Sheriff patrols out on area ORV trails

Clarissa Kell | Daily Press Delta County Sheriff’s deputy Stephen Kositzky sits inside the Delta County Sheriff’s ORV near a wooded area in Escanaba recently. Kositzky is the deputy designated to ORV patrol this summer. The ORV is equipped with radar, lights and a siren.

ESCANABA — With the weather warming, Off Road Vehicles (ORVs) are taking to the trails in Delta County.

Delta County Sheriff’s Office has a deputy dedicated to ORV safety by patrolling in the department’s ORV — equipped with radar, lights and a siren.

According to Delta County Sheriff Ed Oswald, there are not many accidents as ORV machines like side-by-sides are continuously getting safer, but riders still need to be cautious out on the trails.

“We have some, but it’s not that often,” he said. “We are seeing safer machines now. So, years ago on a four-wheeler 25 mph might be unsafe on specific trails — on a four-wheeler. But on a side-by-side, it is perfectly safe because they are made to handle the bumps — they’re made to so much different now that we are seeing a reduction with the accidents, with injuries.”

Oswald said when accidents do occur, they are usually caused by ORVs following too closely on dusty trails and gravel roads.

“When on a trail or gravel road, follow some distance behind. Allow the dust some time to settle,” he said.

Oswald explained deputies are usually out enforcing the speed ordinance when out on patrol.

“Most of our complaints are ORV speeding by houses because it is annoying to people.

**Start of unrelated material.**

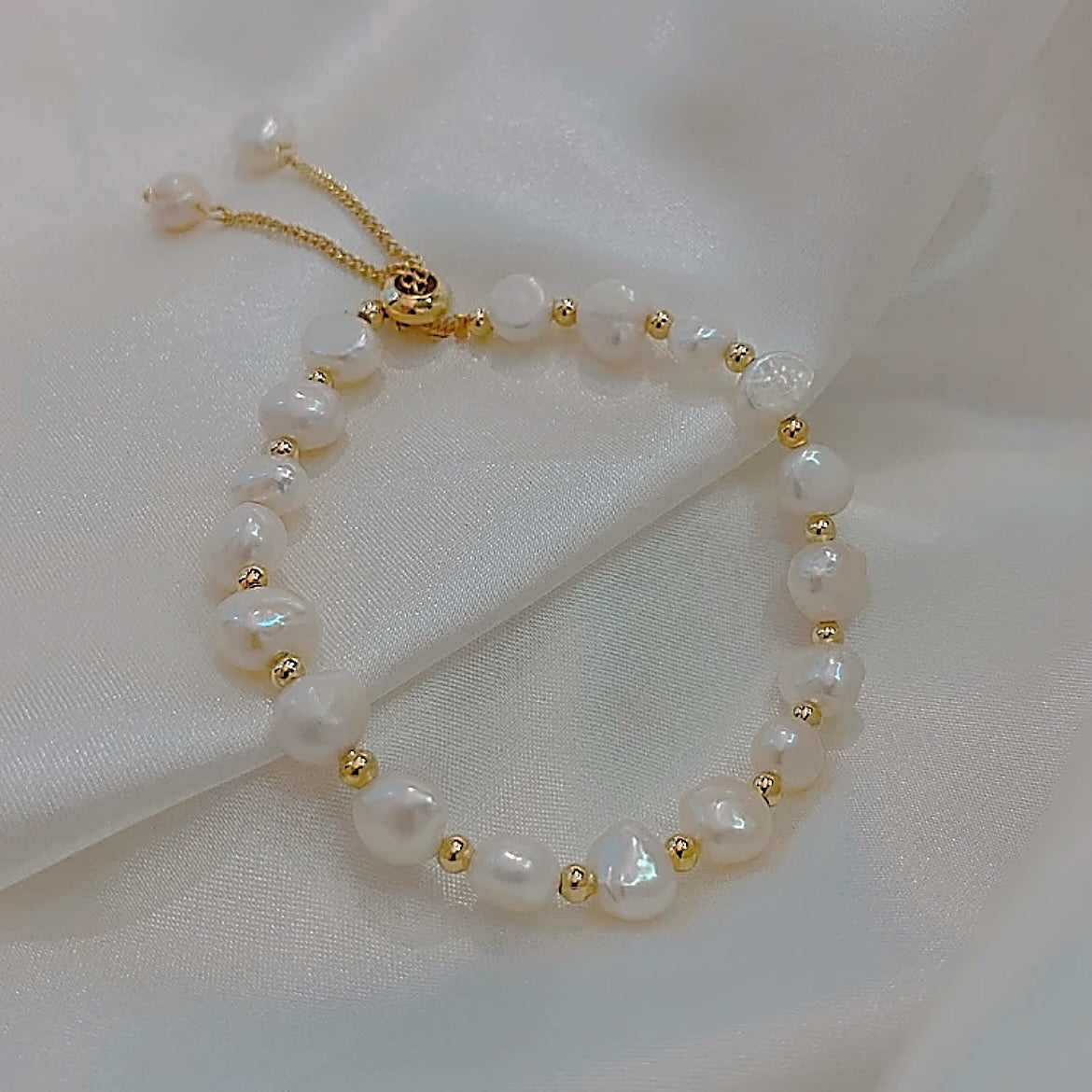Pearl bracelet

They’re loud,” he said, adding speed increases the noise the machines make.

In Delta County, an ordinance went into effect in 2009 that authorized and regulated the operations of ORVs on roads in Delta County.

According to the ordinance, ORVs can only be operated on a road or street in the county at a speed of no more than 25 mph or a lower posted ORV speed limit and 15 mph in recognizable legal subdivisions.

The ordinance also has other requirements for ORV operations on roads and streets in Delta County.

Oswald said the ordinance can be found on the county’s website at https://deltacountymi.org.

Deputy Stephen Kositzky is the only deputy assigned to ORV patrol for this ORV season.

He explained in years past there was more than one deputy assigned to the specialty patrols, but due to limited manpower, the department can only designate one deputy.

The Delta County designated ORV deputy patrols during April, May, part of June and September. Kositzky said during part of June, July and August, a deputy is assigned to the department’s marine patrol. He explained the sheriff’s department is only able to designate one deputy to one specialty at a time.

Both Department of Natural Resources conservation officers and the ORV deputy patrol the trails.

The Delta County Sheriff’s ORV patrol is funded through the state from the purchase of ORV stickers and tickets issued for the violation of the Delta County ORV ordinance.

A new section to the Michigan Vehicle Code, Act 300 of 1949, regarding ORVs went into effect March 28, 2019. The section, 257.217i, allows people to plate their ORVs through the secretary of state office to drive on roadways. The addition is in a trial period right now as the Michigan State Police conduct a safety study for its first year.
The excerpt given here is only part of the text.